=== Exercise description ===
Starting with the line that contains "Indoor pool, outdoor" and stopping after the line that contains "Brown Kia Carens for sale in Butuan-9", return each line below exactly as written, with no others.

=== Exercise data ===
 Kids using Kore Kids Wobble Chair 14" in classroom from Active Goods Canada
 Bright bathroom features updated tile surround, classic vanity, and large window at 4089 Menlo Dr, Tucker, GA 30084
* * *
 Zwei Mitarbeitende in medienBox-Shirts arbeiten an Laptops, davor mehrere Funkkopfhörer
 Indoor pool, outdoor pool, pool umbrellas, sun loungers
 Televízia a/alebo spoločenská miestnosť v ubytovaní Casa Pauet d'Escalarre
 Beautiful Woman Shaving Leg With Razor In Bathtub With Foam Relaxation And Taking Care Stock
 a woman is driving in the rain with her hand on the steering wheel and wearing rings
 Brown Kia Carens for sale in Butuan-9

=== Solution to this problem ===
 Indoor pool, outdoor pool, pool umbrellas, sun loungers
 Televízia a/alebo spoločenská miestnosť v ubytovaní Casa Pauet d'Escalarre
 Beautiful Woman Shaving Leg With Razor In Bathtub With Foam Relaxation And Taking Care Stock
 a woman is driving in the rain with her hand on the steering wheel and wearing rings
 Brown Kia Carens for sale in Butuan-9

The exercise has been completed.